Катя будто бы себя переспрашивала-перепроверяла.

– Я помалкивала, а теперь столько слов накопилось… В машине едут Борг и его невестка, в папиросном дыму купаются, и прошлое от этой дымной зыбкости оживает? Воспоминания-сновидения Исаака Борга, запоздало прозревшего на старости лет, вытаскивают из прошлых его радостей и успехов ужас, да? Воспоминания как самоистезания, да? Скажи, да, скажи, я правильно догадалась? И от этого, вдруг заполняющего прошлое ужаса – даже поляна в лесу, реальная поляна вибрирует? А… в «Осенней сонате», когда в поезде мать и дочь едут, деревья, несущиеся за окном, тоже вибрируют, резонируя с их, матери и дочери, взаимно упрекающими воспоминаниям, да?

Германтов кивнул:

– Машина, поезд… Это – как проезд через жизнь?

Германтов кивнул:

– Но не стоит увлекаться, такое вибрирующее изображениями и ответно вызывающее вибрации чувств кино толкает на спекуляции; соблазнительно во всём, что видишь, увидеть символику.

– Но вибрацию я, ты прав, скорее чувствую, чем вижу, вернее, сначала чувствую, а потом – вижу.

– Возможно, вибрацию, которую ты чувствуешь-видишь, вызывает сама энергия памяти.

– Ещё не легче…

– Хочешь, чтобы было полегче?

– Не-е-е, я от непониманий сильнее, чем от вина, хмелею, так хмелею, что, кажется, уже не проспаться.

– Мы, похоже, на вершине киноискусства, на пике, а вымрут великие усложнители-сновидцы, так начнут их непрямые наследники всё и вся доходчиво упрощать, чтобы полегче и, главное, радостнее, было бы массам понимать-воспринимать экранные перипетии.

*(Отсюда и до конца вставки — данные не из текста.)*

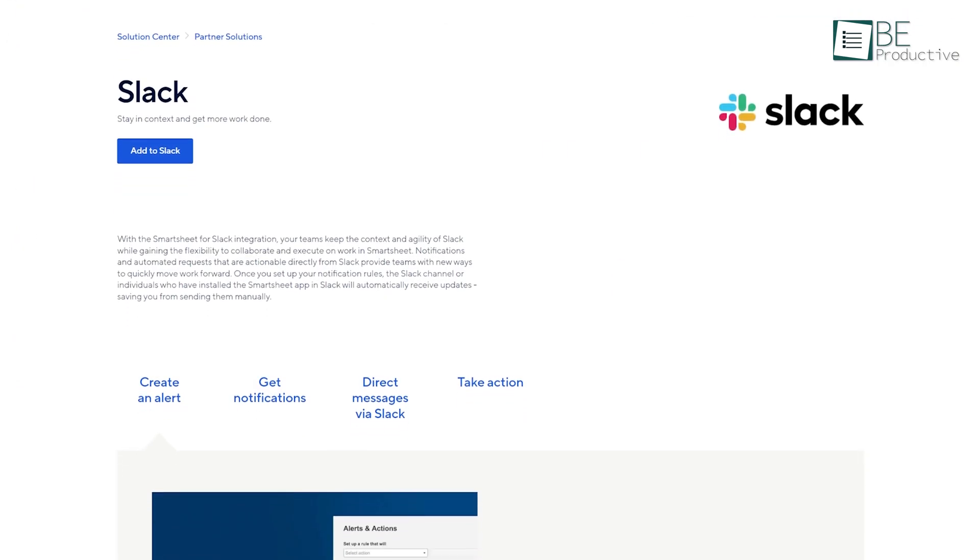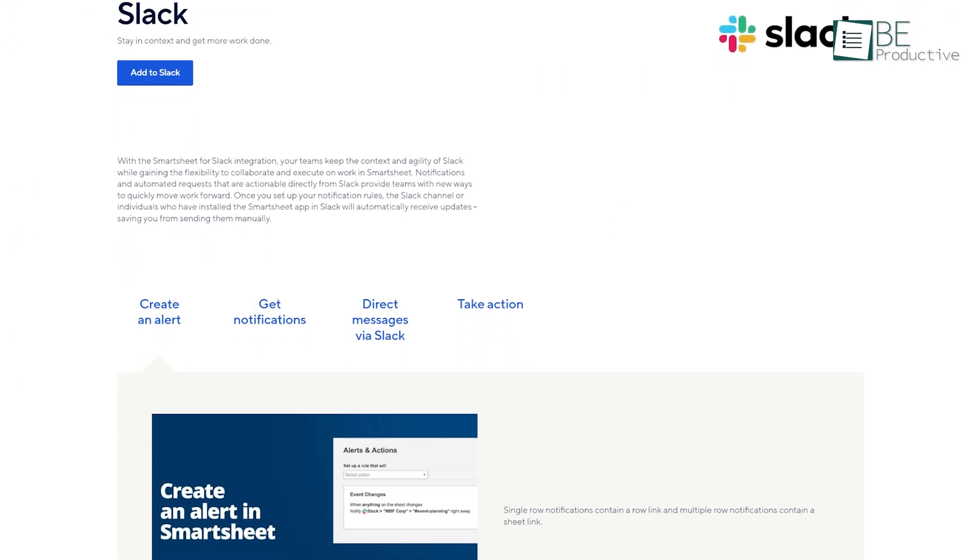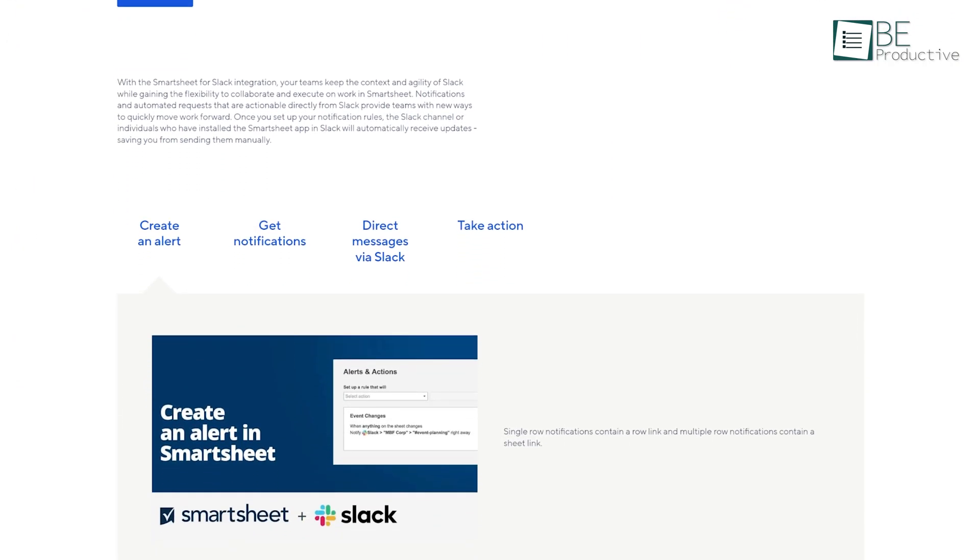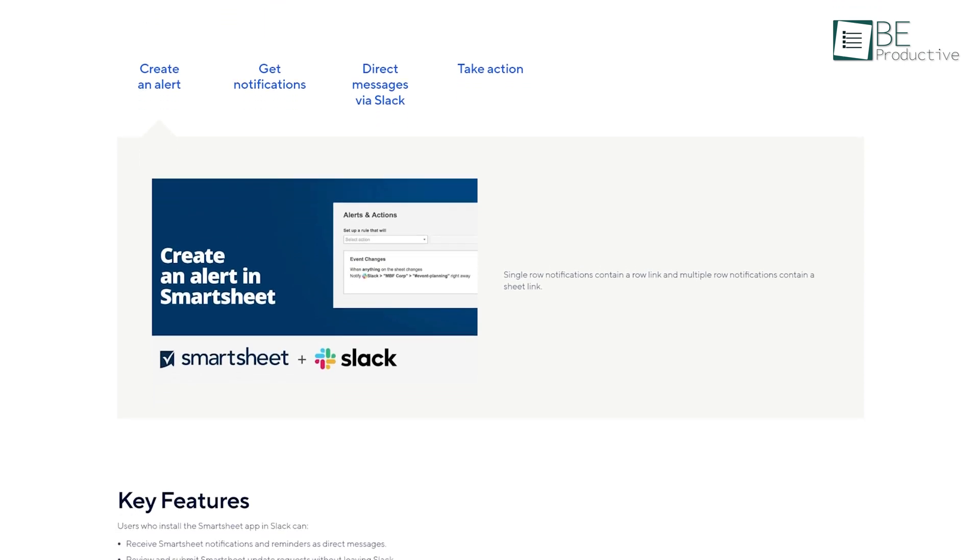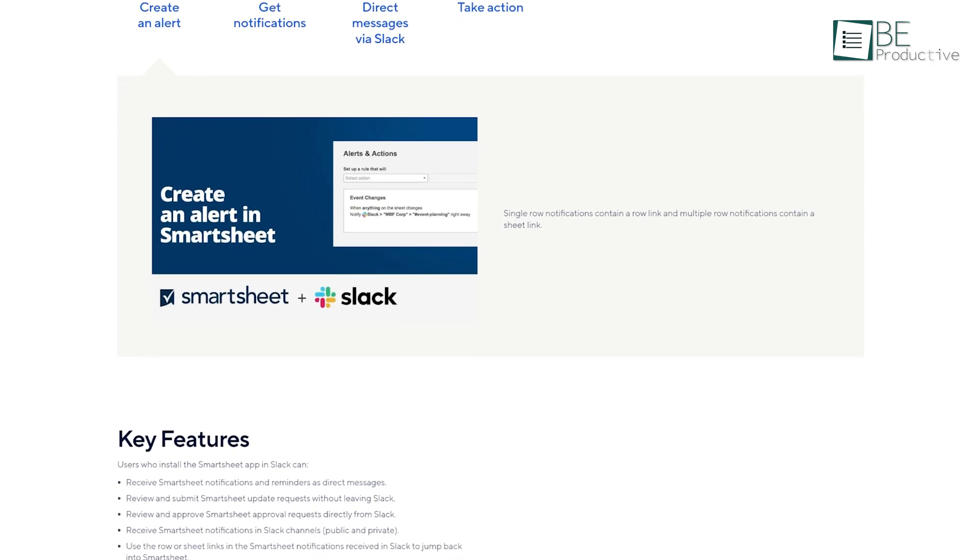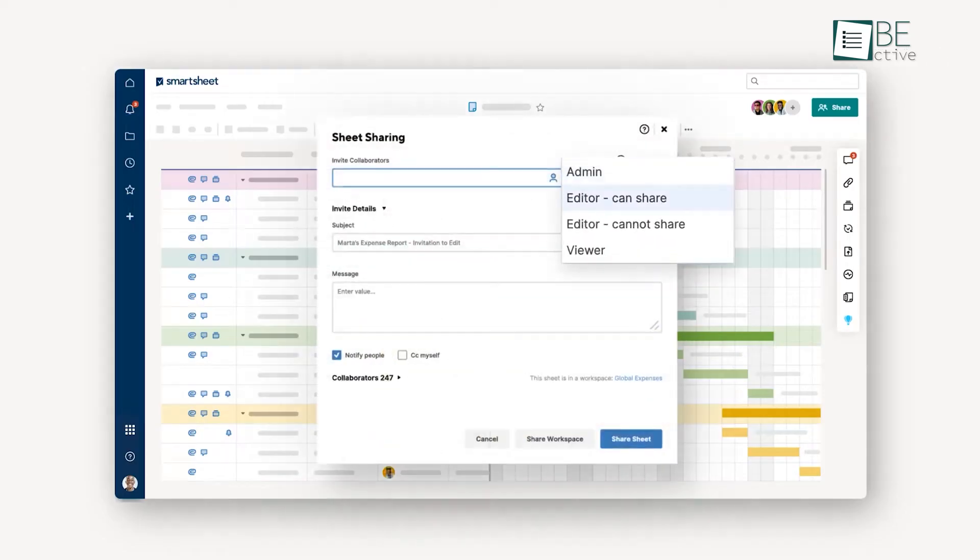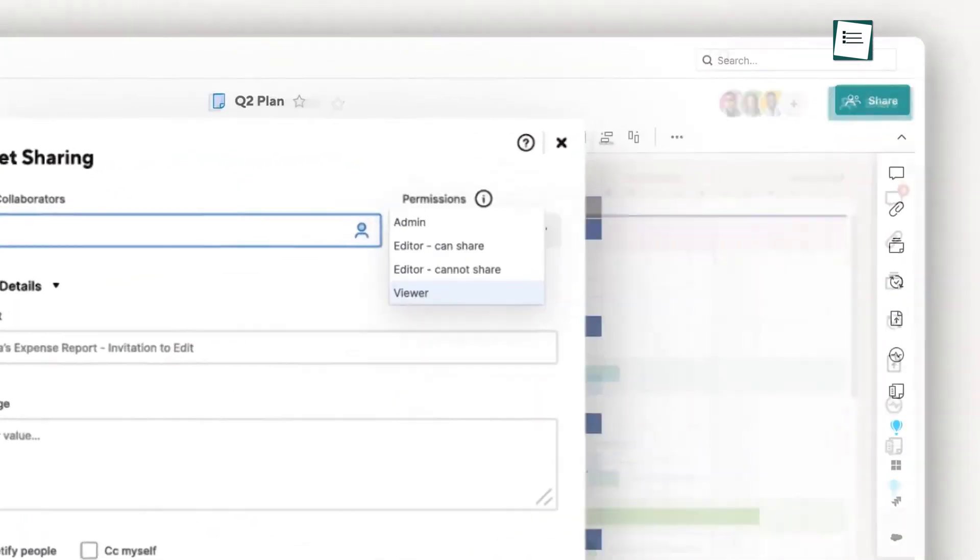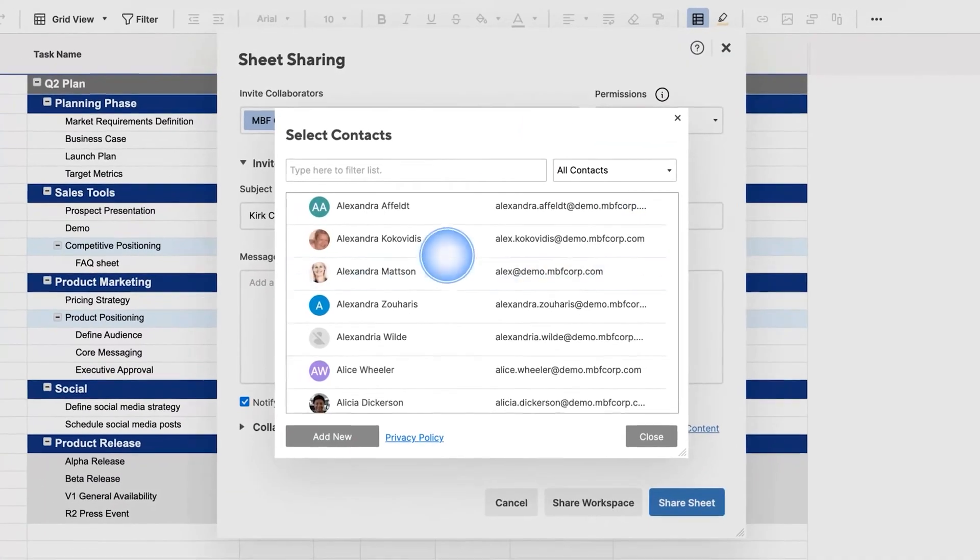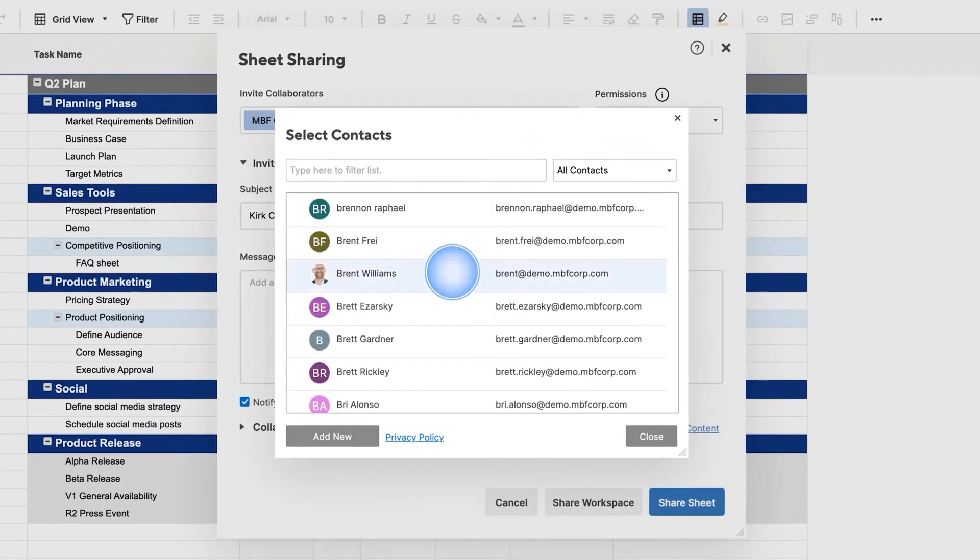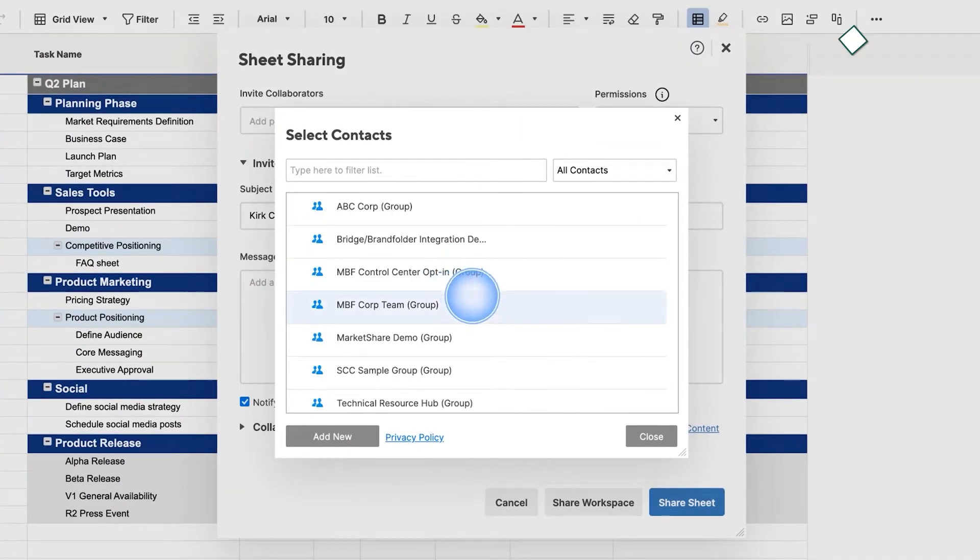Smartsheet, while not offering a built-in chat function, does integrate well with other communication tools like Slack. We set up automations to send Slack notifications when resource allocations changed, which helped keep everyone in the loop.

Ну а реликты-киноманы при этом вздыхать будут о славном безвозвратном прошлом – вздыхать тогда, когда начнётся спуск в низину, к обязательным, ублажающим глаза упрощениям.

– Шумский на Лелуша как на первопроходца трогательно красивых упрощений грешил, так сказать, красоты для всех… Лелуш ведь, возможно, первым почуял, чем же новеньким запахнет время благополучного потребительства: отвернувшись от сложностей искусства, от глубины, обманно покорил многих-многих, названных средним классом, именно своими красивыми упрощениями.

– Лелуш ещё прикидывался индивидуальностью, он как бы подавал свой сигнал упрощённой художественности – «понятной художественности», – показывал, как скоро, к всеобщей радости, надо будет снимать…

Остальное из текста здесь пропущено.